### THE DATA
• • • •
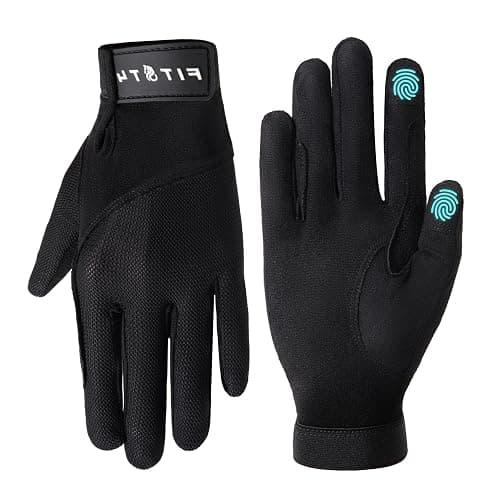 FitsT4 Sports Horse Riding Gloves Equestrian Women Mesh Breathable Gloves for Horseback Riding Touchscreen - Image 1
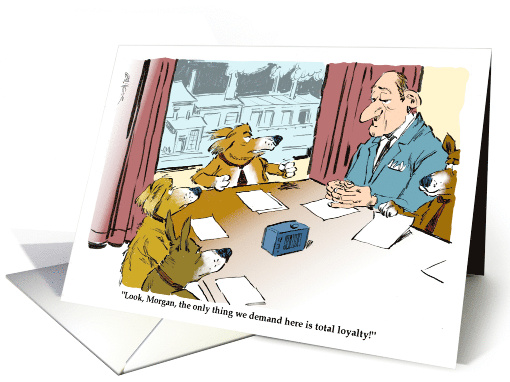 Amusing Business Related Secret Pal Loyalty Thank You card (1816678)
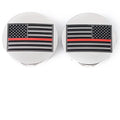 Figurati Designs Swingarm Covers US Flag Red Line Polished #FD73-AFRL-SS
• • • •
### PROMPT
Give back the material above exactly as it appears, minus any picture.

### RESPONSE
 FitsT4 Sports Horse Riding Gloves Equestrian Women Mesh Breathable Gloves for Horseback Riding Touchscreen - Image 1
 Amusing Business Related Secret Pal Loyalty Thank You card (1816678)
 Figurati Designs Swingarm Covers US Flag Red Line Polished #FD73-AFRL-SS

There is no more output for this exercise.